「ふるさとづくり'98」掲載
<集団の部>ふるさとづくり振興奨励賞

ハリヨが棲めるきれいな水環境を
滋賀県守山市 浮気自治会
「よびもどそう『水郷の里』浮気」を合言葉に水際花壇と水車の設置、鯉の放流や絶滅の危急種でもある淡水魚ハリヨをテーマに、水環境を考えるフォーラムを開催し美しいまちづくりに取り組んでいるのが「浮気(ふけ)自治会」(代表・西村三右エ門さん)である。


ふるさとづくり計画の実現と成果

 90年、故郷に昔の姿を取り戻したいという住民の声を受けて、同自治会は地区内を流れる里中川を整備し、村中池から伏流水を汲み上げて浮気の清流を蘇らせるとともに、自然と親しみ、心の和む環境づくりを目指した。同時にゲンジボタルが成育できる自然環境の再現にも成功した。
 この事業は県・市からの補助金で行ったものであるが、計画立案から、3か月にわたる作業の全てを住民自らの力で成し遂げた。これは「やりたいことを、楽しく、自分たちの手で」というまちづくりの基本姿勢を浮気に定着させるものとなった。
 また、村中池の水は緊急時の飲料水にできるよう、緊急給水用発電設備も設置し、万が一の備えとしている。


ハリヨフォーラムの開催

 トゲウオ科の淡水魚ハリヨは、生息条件が湧き水のある川や池と限られているため、各地でその生息が危ぶまれている。
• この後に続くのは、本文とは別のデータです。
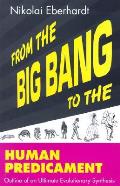 From Big Bang To The Human Predicament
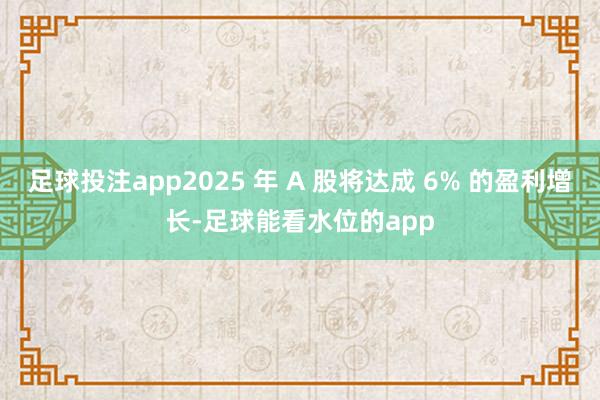 足球投注app2025 年 A 股将达成 6% 的盈利增长-足球能看水位的app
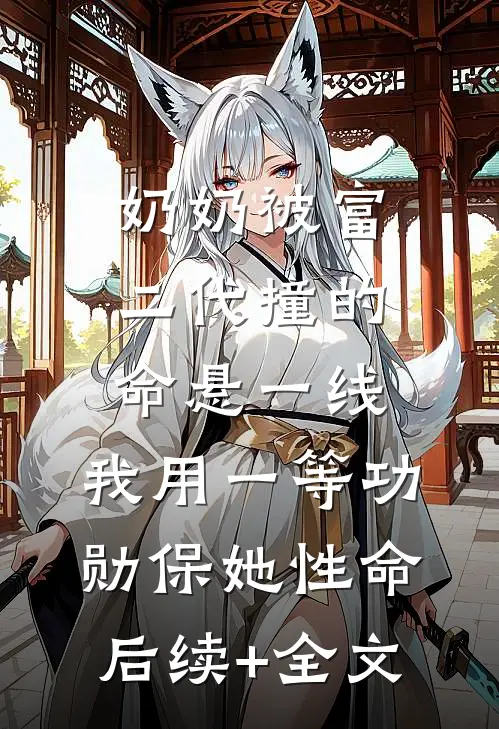 奶奶被富二代撞的命悬一线，我用一等功勋保她性命后续+全文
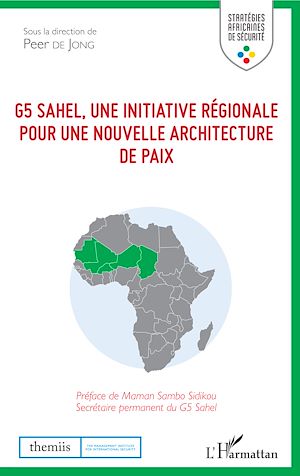 Téléchargez le livre :  G5 Sahel, une initiative régionale pour une nouvelle architecture de paix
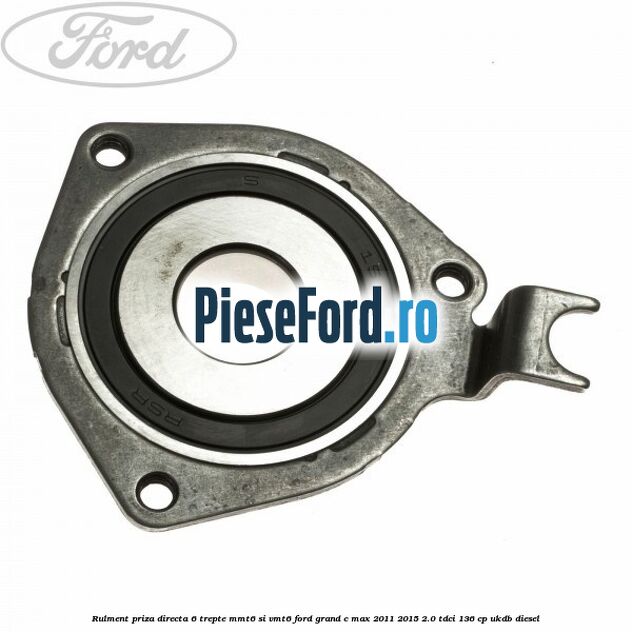 Rulment priza directa 6 trepte MMT6 si VMT6 Ford Grand C-Max 2011-2015 2.0 TDCi 136 cp UKDB diesel
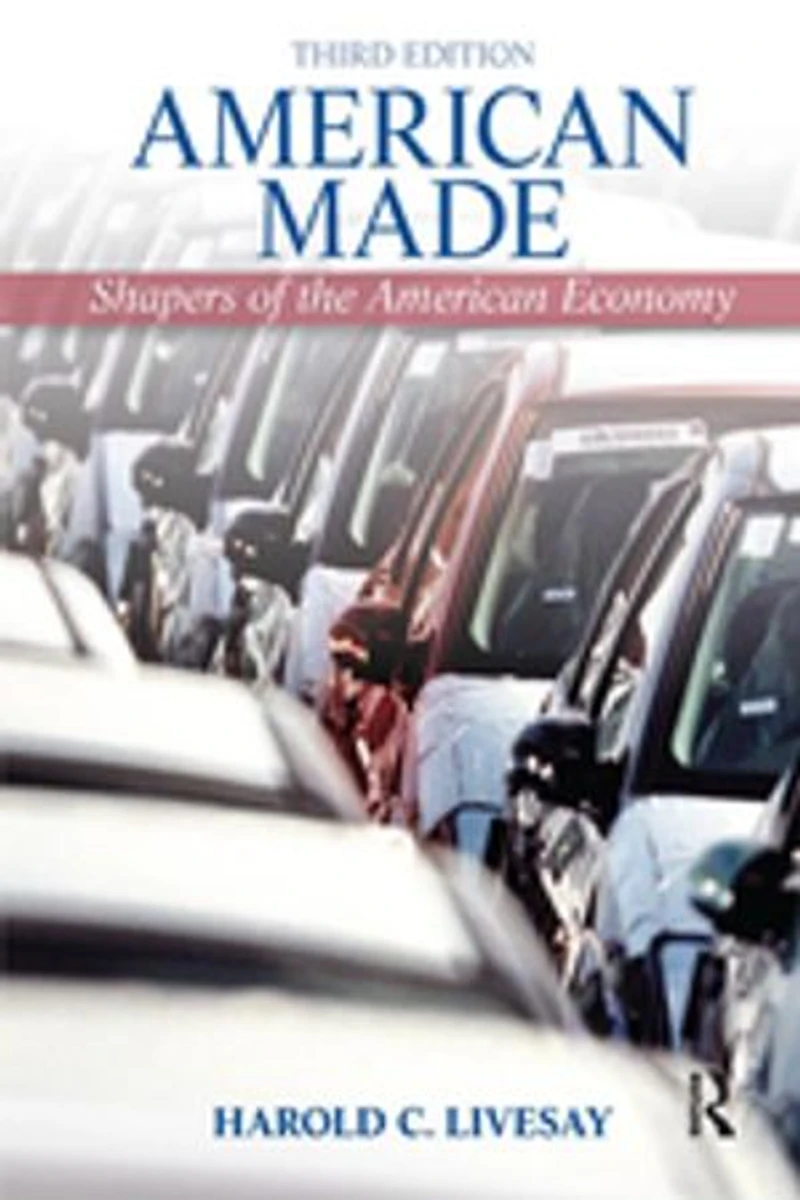 American Made: Shaping the Economy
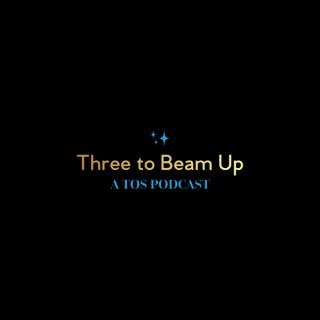 Three to Beam Up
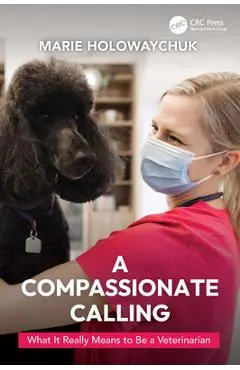 A Compassionate Calling: What It Really Means to Be a Veterinarian - Marie Holowaychuk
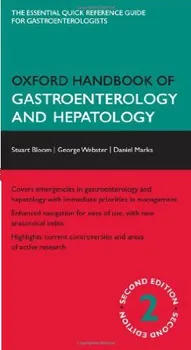 Oxford Handbook of Gastroenterology and Hepatology - Bloom Stuart,Webster George,Marks Daniel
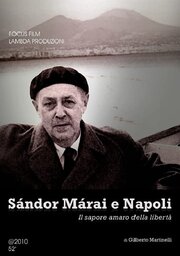 Sándor Márai e Napoli - Il sapore amaro della libertà - лучший фильм в фильмографии Gilberto Martinelli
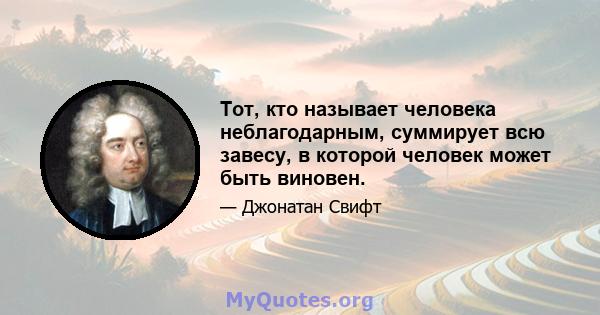 Тот, кто называет человека неблагодарным, суммирует всю завесу, в которой человек может быть виновен.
日本では滋賀県と岐阜県の一部にしか生息していない。同自治会では、里中川の環境整備の後、水量・水温の管理を行い、92年にはかつてハリヨが生息していた状態にまで自然環境を回復させることに成功した。そこで、米原町より雌雄50匹のハリヨを譲り受け放流することになった。今では、群をなすハリヨの姿を見ることができる。
 これが足掛かりとなって95年、「ハリヨの棲める水環境」をテーマとしたパネルディスカッションや「水に学ぼう」と題する作家立松和平氏の記念講演などの「ハリヨフォーラム95浮気」を開催した。参加者からは、「自然環境を考えるきっかけとなった」、「環境保護の重要性がわかった」という声とともに、「一自治会がよくもこれだけの事業をやり遂げた」という賛辞を受けた。
 この成功は、メンバーに大きな自信を与え、さらに「故郷の再現と暮らしやすいまちづくり」を目指した自治会の活動は、まちづくり活動から水環境を通して自然保護を考える活動に焦点が絞られてきた。
 また、フォーラムで訴えた自然環境保護の精神をその場限りのものとしないために、約30名の有志が集い、「浮気ハリヨ保存会」を発足させた。今では、浮気のハリヨ保護活動、ハリヨ保護の先進地域への研修、琵琶湖の浄化に取り組んでいる団体との交流に発展している。